BA is emulating Aer Lingus which recently moved from Shannon to Belfast airport, and announced that its air crews and all other staff at the new terminal would be on lower rates of pay and different conditions of service than had been on offer at Shannon airport.
BA’s ‘OpenSkies’ service is due to fly from non-UK European capitals to the USA, following an EU-US agreement.
BA Pilots are determined not to allow a two-tier system of terms and conditions at BA, since the employer, whatever he is saying now, will inevitably use it to drive the wages, conditions and pensions of all BA pilots down.
They feel so strongly about the issue that 86 per cent voted for strike action in a recent ballot.
The company has meanwhile threatened to take the Unite trade union to the courts to get an order that any strike will be illegal, since Article 43 of the Treaty of Rome allows companies in the EU freedom to establish business anywhere.
British Airways says the new airline would not be viable if all its pilots were employed under existing terms.
Referring to the members who turned out for the protest, Captain Dave Smith of the British Airline Pilots Association (Balpa) said: ‘This shows that we are determined that our jobs and our security and our family lives will be defended.’
Balpa General Secretary Jim McAuslan said: ‘This march and rally comes a week after a BA threat to serve an injunction on our association. Our message is clear – we will not be bullied, we will not be brushed off, we will persevere.’
Nevertheless, Balpa decided not to take strike action over Easter and is hoping that there can be a settlement outside of the courts, where a court ruling in favour of Article 43 would have ramifications all over the world.
However, there is no room for manoeuvre for either of the two sides.
Oil prices are rising rapidly, the banks are collapsing, and all of the airlines and the contractors who serve them on the ground are seeking to cut wages, jobs, and conditions. They say that only the fittest will be able to survive the developing economic storm.
The airport’s owner BAA has increased its charges in a move that is expected to make the airline companies determined to cut costs by cutting wages and charging more for tickets and services.
British Airways has already issued a severe profit warning, citing the economic crisis and a soaring oil price as pressures that cannot be ignored.
BA says profit margins will be 7 per cent in 2009, down from an expected 10 per cent in 2008. It also warned that fuel costs would rise by £450m to £2.5bn in 2009, as the price of oil climbs to well above $105 a barrel.
BA added that non-fuel costs will rise by between 3 per cent and 3.5 per cent, with total expenditure excluding fuel climbing by £200m, including a £35m hit from the move to Terminal 5 and increased costs caused by expanding the fleet.
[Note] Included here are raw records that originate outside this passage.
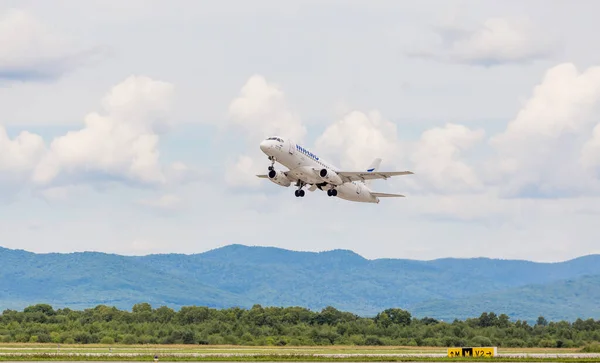 Rusya, Vladivostok, 08 / 17 / 2020. Yolcu uçağı Sukhoi Superjet 100 (SSJ 100-95B) IrAero şirketinin gökyüzünde. Rus havayolları konsepti. Rusya konseptine hoş geldiniz. Havacılık ve ulaşım.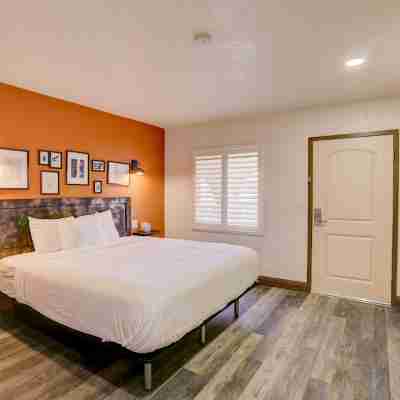 The Greens Hotel - Stockton Blvd Rooms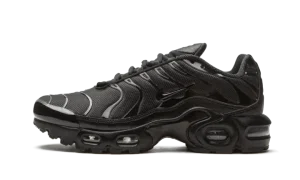 Air Max Plus GS "Triple Black"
BA’s rival Ryan Air says a tight EU economy and oil costs could hit profits by up to £180.5m in the next financial year.
The International Air Transport Association has also warned that the air industry is heading towards its biggest downturn since the September 11 attacks.
A class conflict between pilots and other workers defending their jobs, and the employers is therefore inevitable, all over the air transport industry.
Balpa and the other trade unions will have to face up to this situation and decide that they will defend their members’ interests by all means necessary. This does mean indefinite strike action.
It does mean having a programme for the nationalisation of the air transport industry as the only way of dealing with the capitalist crisis.
This does mean bringing down the Brown government and bringing in a workers’ government that will expropriate the bosses and the bankers to put an end to the capitalist crisis.